In some implementations, the matching is carried out by exact matching of the canonical representation strings. In other implementations, this matching can be carried out by comparing the strings using soft matching. The soft matching may for example be carried out by calculating an edit distance between the strings and comparing that to a threshold.

The scoring module 220 also rejects fresh queries which have canonical representations which do not match that of at least another fresh query.

The scoring module 220 then calculates a group popularity score for each group of fresh queries. The group popularity score for a given group is based at least in part on a number of times that one or more of the fresh queries in the given group have been submitted during the current time interval. The group popularity score thus indicates the collective, recent popularity of the same or similar information request which is represented by the fresh queries in a group.

The techniques for calculating the group popularity score can vary from implementation to implementation.

In some implementations, the scoring module 220 calculates individual popularity scores for each fresh query in the given group. The individual popularity score of a particular fresh query may be calculated based on the number of times the particular fresh query has been submitted during the current time interval. The scoring module 220 can then calculate the group popularity score for the given group as a function of the individual popularity scores for fresh queries in the given group. This function may be for example a sum, a sum of log values of the individual popularity scores, or other function.

In some implementations, the scoring module 220 uses the individual popularity scores for all of the fresh queries in the given group to calculate the group popularity score. In other implementations, the scoring module 220 selects a predetermined number of the fresh queries in the group having the highest individual popularity scores. The individual popularity scores for the selected fresh queries can then be used to calculate the group popularity score. The predetermined number of the highest ranked fresh queries may for example be one or two. In one implementation, the scoring module 220 selects the fresh queries in the given group by sorting the fresh queries to create a ranking, and selects a predetermined number of the highest ranked fresh queries in the group.

Alternatively, other techniques may be used to calculate the group popularity score.

The scoring module 220 then compares the group popularity scores to a threshold popularity score. A variety of different techniques can be used to determine the threshold popularity score. For example, the threshold popularity score may be manually selected. As another example, the threshold popularity score may be based on statistical information, such as the confidence level of the group of fresh queries.

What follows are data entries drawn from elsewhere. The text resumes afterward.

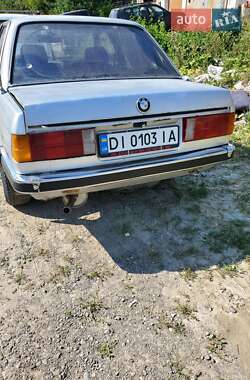 Седан BMW 3 Series 1987 в 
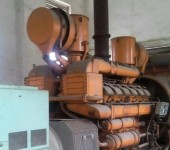 安徽汽油发电机组二手发电机回收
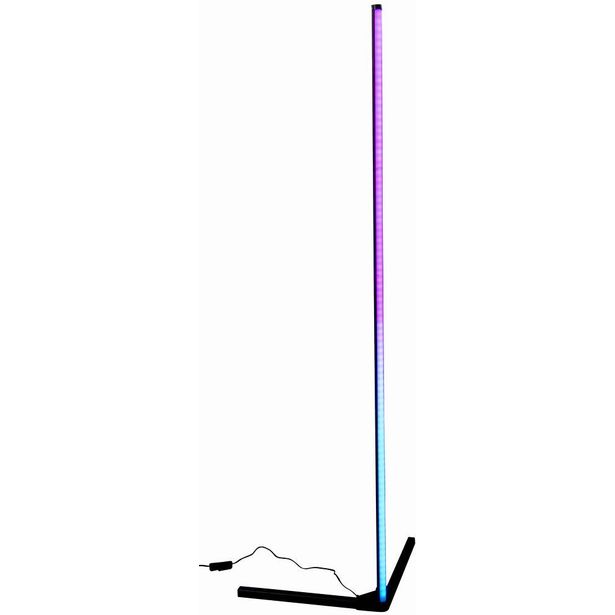 Lattiavalaisin Airam SmartHome Sleek 3000K RGBW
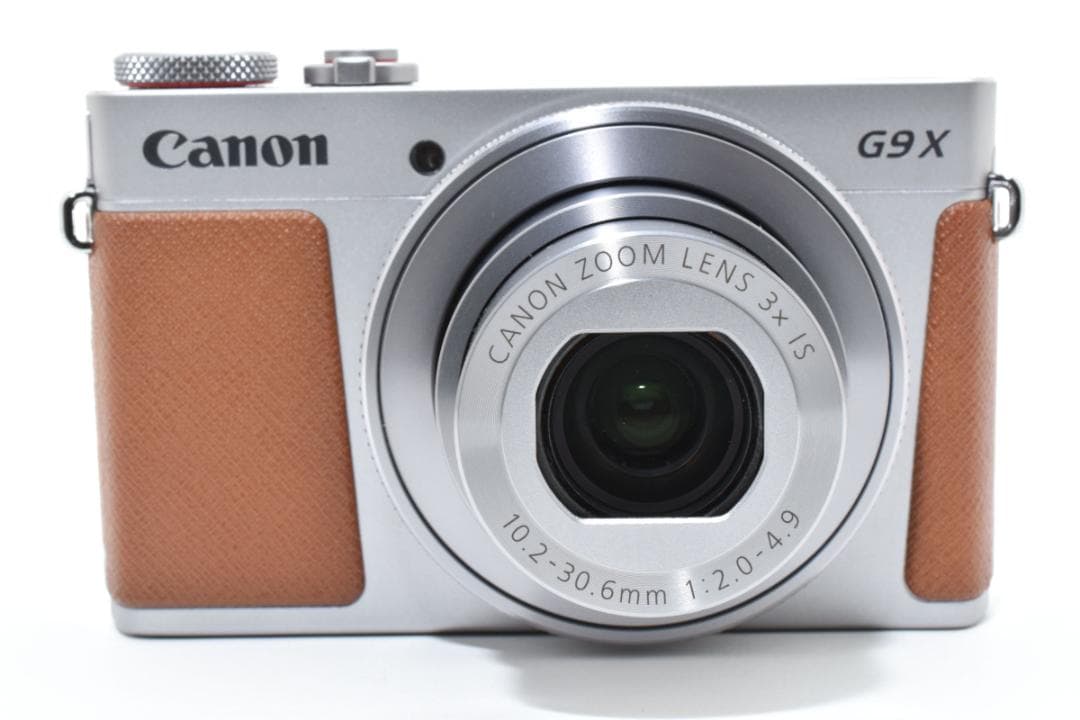 Canon PowerShot G9X Mark II コンパクトデジタルカメラ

The use of the threshold popularity score allows for the identification of a group of fresh queries which collectively represent the same or similar recently popular information request, but which individually may not be popular enough to reliably identify.

Upon determining that the group popularity score of a given group satisfies the threshold popularity score, the scoring module 220 stores data identifying the fresh queries in the group as being permitted for use in determining a query suggestion. This data may, for example, be stored in the form of a query list or another type of data structure maintained by the scoring module 220. This data can then be used by the suggestion engine 170 to provide meaningful, up-to-date query suggestions to users.

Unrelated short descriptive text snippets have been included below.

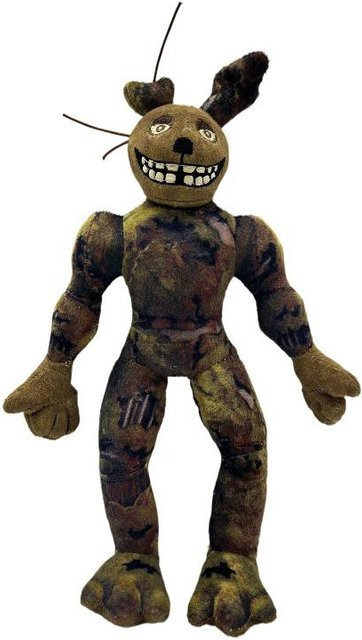 Yiran toy Bite By Night Plüschpuppe, ab 14 Jahre - Bild 1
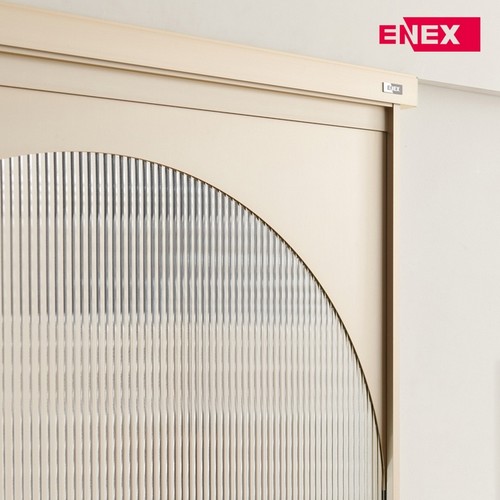 에넥스 루크 하프 아치 원슬라이딩 중문 (~1.3m)_이미지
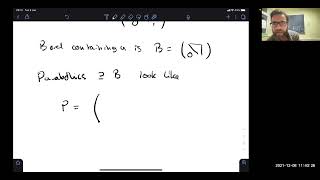 Michael Bate Overgroups of regular unipotent elements in algebraic groups [upl. by Cressy]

FIG. 3 is a flow chart illustrating an example process for selecting fresh queries for use as query suggestions. Other embodiments may perform the steps in different orders and/or perform different or additional steps than the ones illustrated in FIG. 3. For convenience, FIG. 3 will be described with reference to a system of one or more computers that performs the process. The system can be, for example, the fresh query engine 130 described above with reference to FIG. 1.

At step 300, the system identifies fresh queries in the records 135 which have been submitted during a current interval.

At step 310, the system formulates the identified fresh queries into respective canonical representations using canonicalization rules. At step 320, the system identifies groups of fresh queries. The fresh queries in a group have matching canonical representations.

FIG. 4 illustrates an example of fresh queries and their canonical representations. In this example, the canonicalization rules include the removal of stop words, stemming and alphabetical reordering of the canonical forms of the remaining terms. As shown in FIG. 4, the fresh queries “snow in london”, “snows in london”, and “is there snow in london” have the same canonical representation, “london snow”. In such a case, these fresh queries would be included in the same group.

Returning to FIG. 3, at step 330 the system selects a group of fresh queries. At step 340, the system calculates a group popularity score for the selected group

At step 350, the system then compares the group popularity score for the selected group to a threshold popularity score. If the group popularity score for the selected group satisfies the threshold popularity score, the process continues to step 360. At step 360 the system stores data identifying the fresh queries in the selected group as being permitted for use in determining a query suggestion. If, at step 350, the group popularity score for the selected group does not satisfy the threshold popularity score, the process skips step 360.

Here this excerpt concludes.